- [EXERCISE GOAL]: What is needed is a word-for-word copy of the lines below from the one with "Poster - Bustling" through the one with "Harvest Apron with", both included, with every picture left out.

- [DATA RECORDS]:
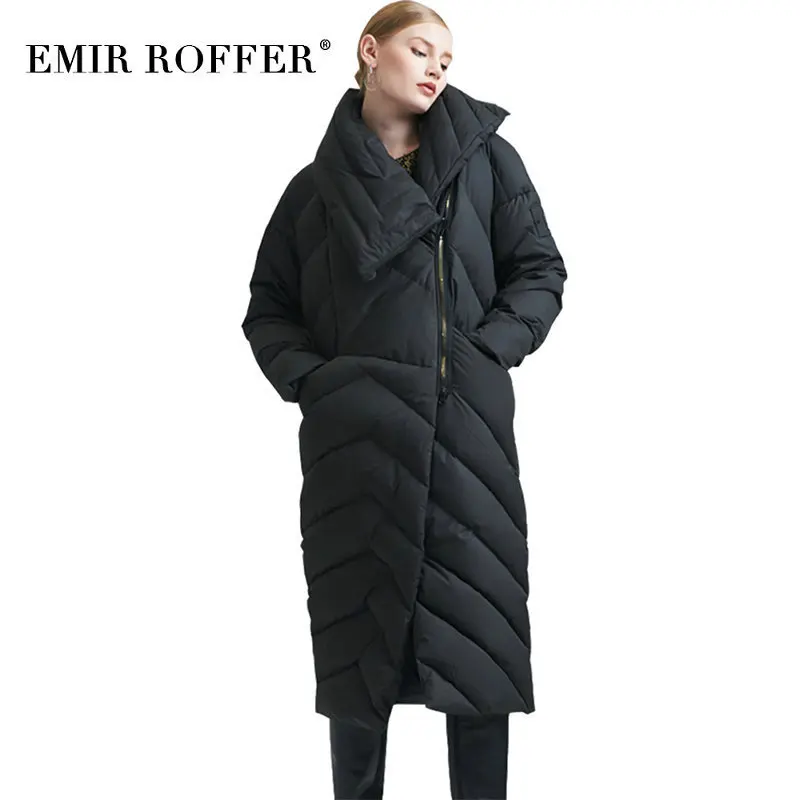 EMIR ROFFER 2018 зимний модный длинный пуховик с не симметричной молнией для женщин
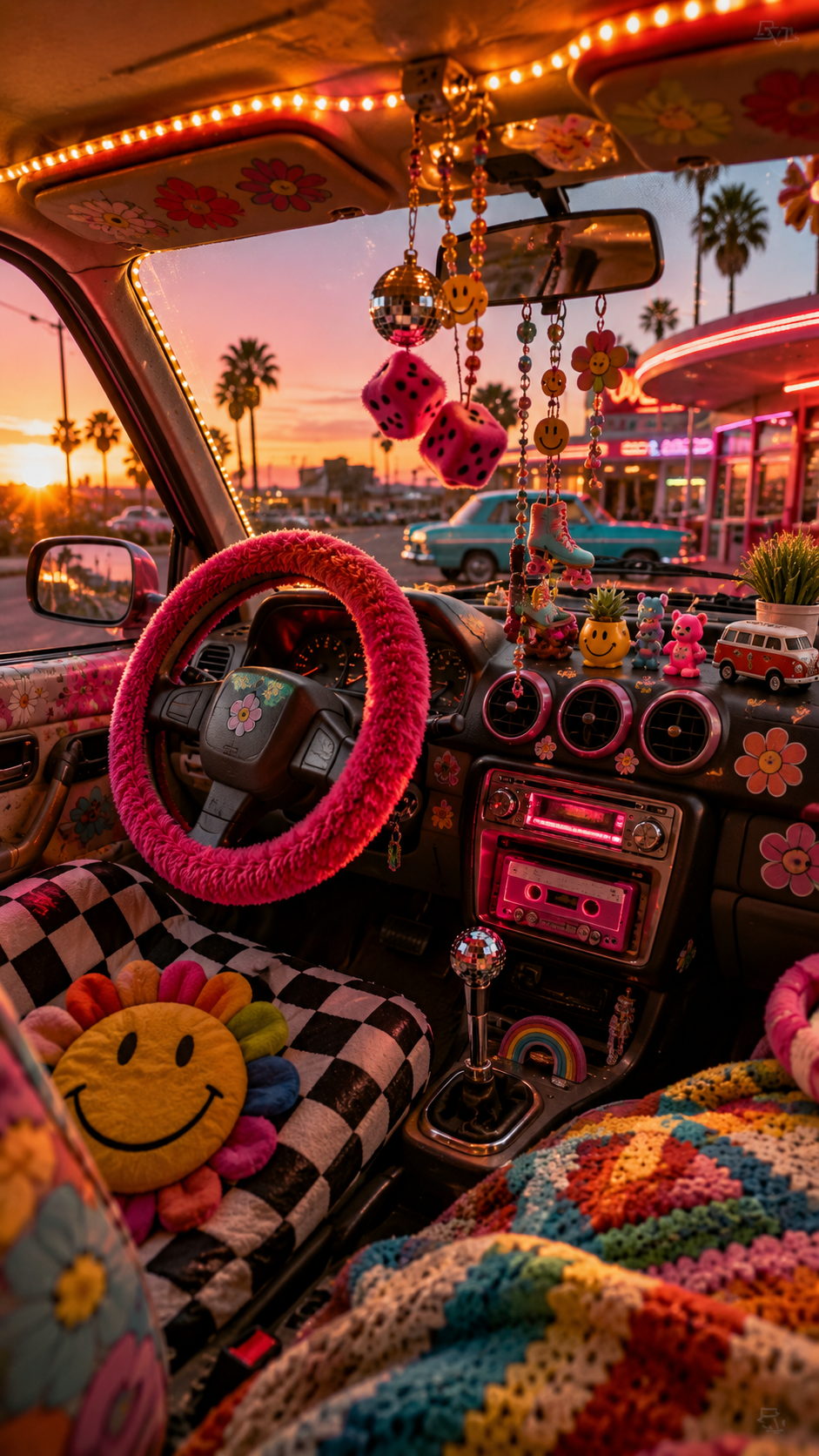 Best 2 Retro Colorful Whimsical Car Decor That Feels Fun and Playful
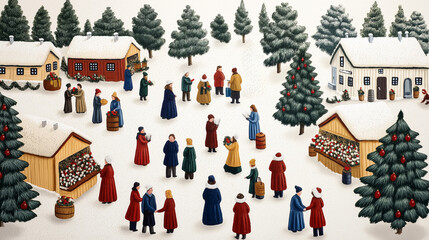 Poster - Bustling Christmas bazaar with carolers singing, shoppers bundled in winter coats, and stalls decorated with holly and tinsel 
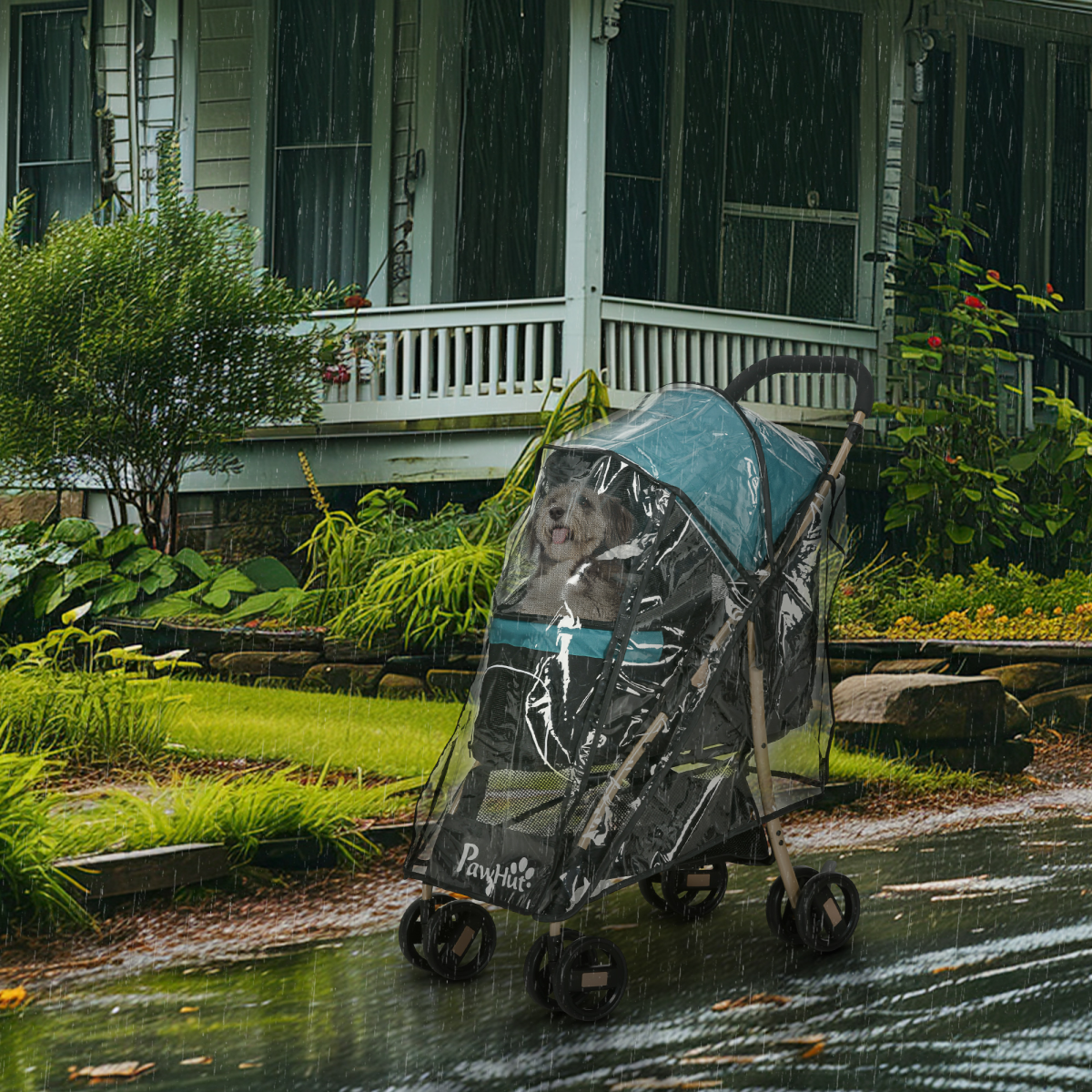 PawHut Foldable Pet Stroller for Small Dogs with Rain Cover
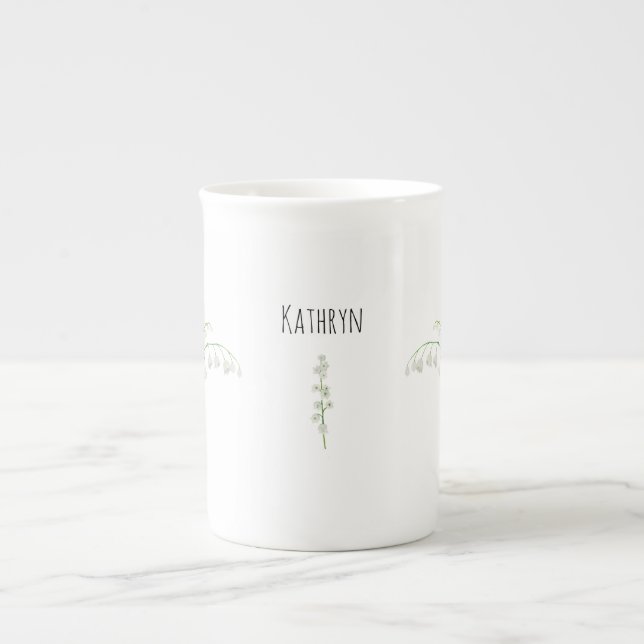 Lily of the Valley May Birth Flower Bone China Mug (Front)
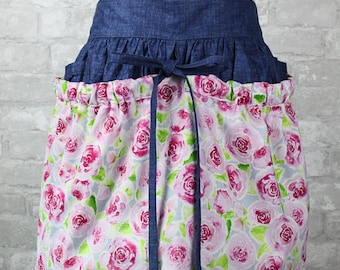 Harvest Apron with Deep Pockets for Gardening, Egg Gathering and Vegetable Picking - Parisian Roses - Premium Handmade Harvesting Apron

...

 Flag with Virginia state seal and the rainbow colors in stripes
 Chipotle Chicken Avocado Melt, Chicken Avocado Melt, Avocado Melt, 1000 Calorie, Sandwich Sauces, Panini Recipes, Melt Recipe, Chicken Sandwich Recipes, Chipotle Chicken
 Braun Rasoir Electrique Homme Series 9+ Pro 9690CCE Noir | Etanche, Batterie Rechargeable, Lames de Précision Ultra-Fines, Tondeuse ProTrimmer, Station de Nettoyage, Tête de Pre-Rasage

* * *

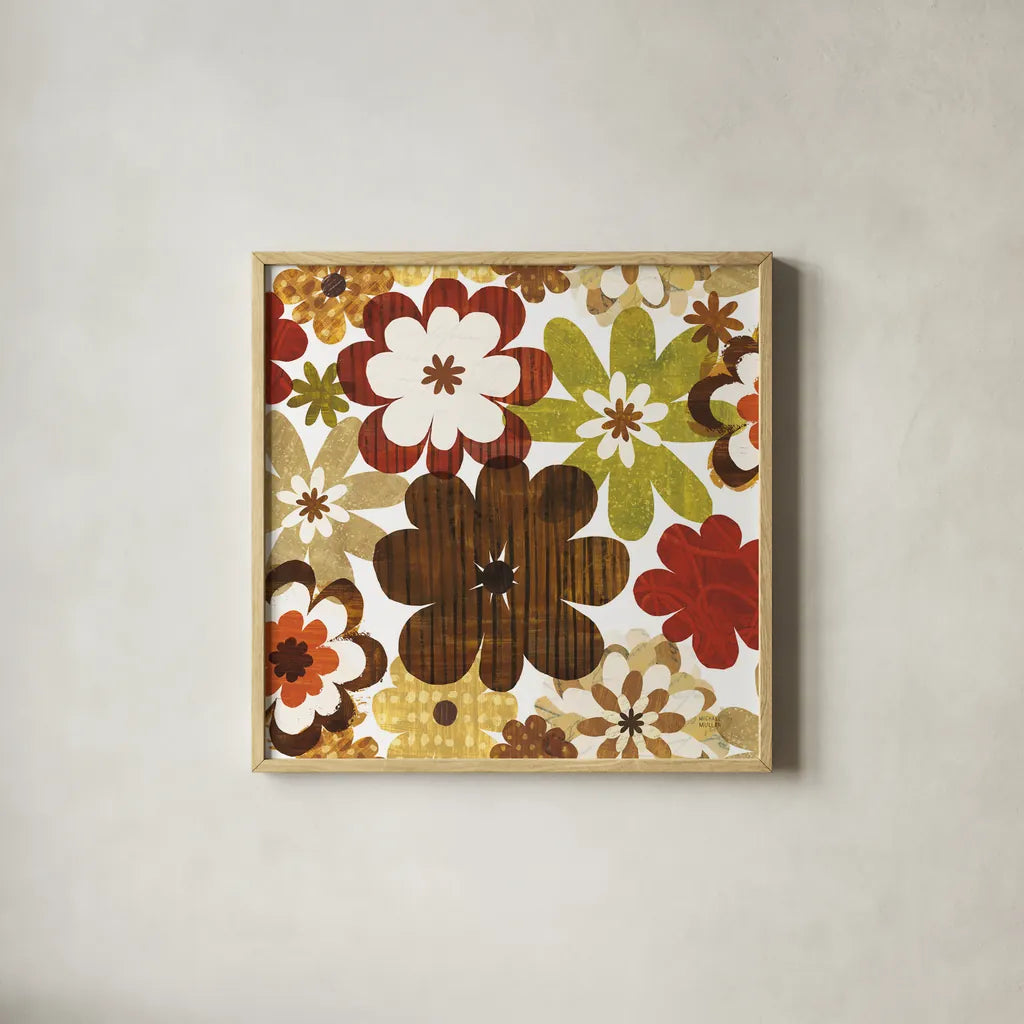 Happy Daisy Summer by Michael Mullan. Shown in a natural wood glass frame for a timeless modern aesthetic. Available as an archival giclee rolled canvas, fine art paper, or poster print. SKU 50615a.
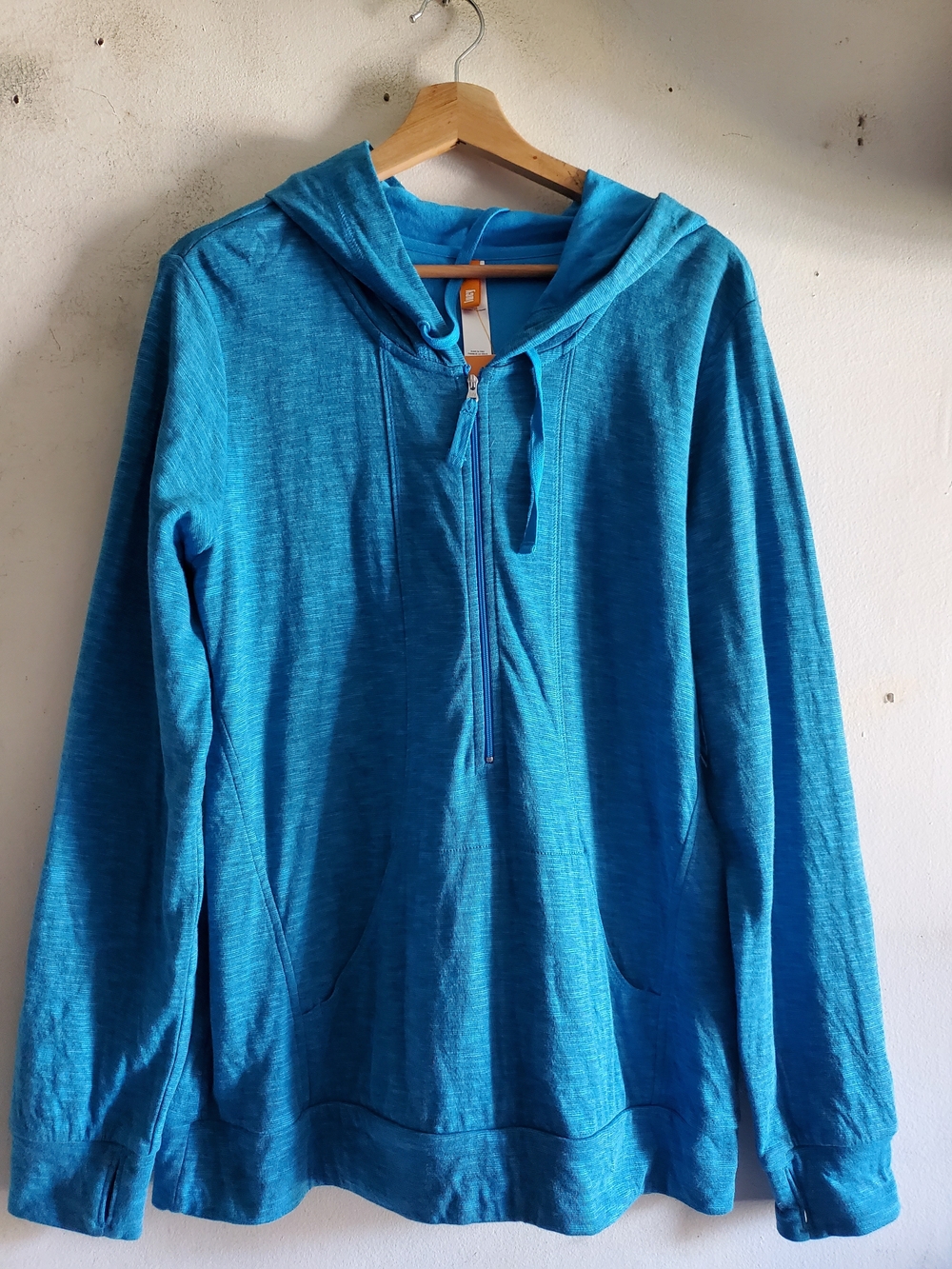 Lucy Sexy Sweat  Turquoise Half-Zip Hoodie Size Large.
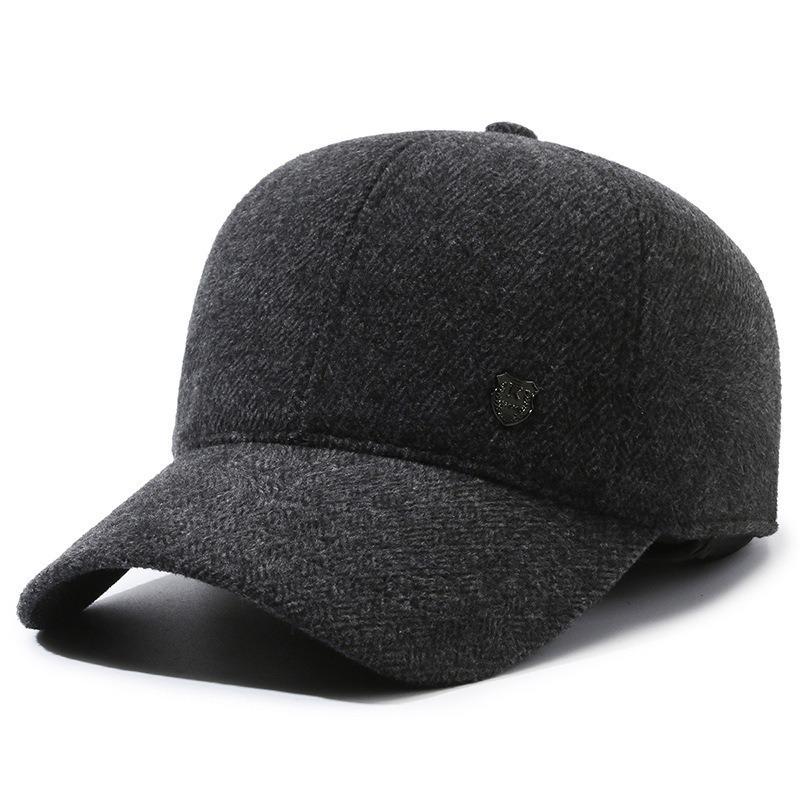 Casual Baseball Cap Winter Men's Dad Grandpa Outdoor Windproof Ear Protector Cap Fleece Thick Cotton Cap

- [ANSWER TO THE EXERCISE]:
 Poster - Bustling Christmas bazaar with carolers singing, shoppers bundled in winter coats, and stalls decorated with holly and tinsel 
 PawHut Foldable Pet Stroller for Small Dogs with Rain Cover
 Lily of the Valley May Birth Flower Bone China Mug (Front)
 Harvest Apron with Deep Pockets for Gardening, Egg Gathering and Vegetable Picking - Parisian Roses - Premium Handmade Harvesting Apron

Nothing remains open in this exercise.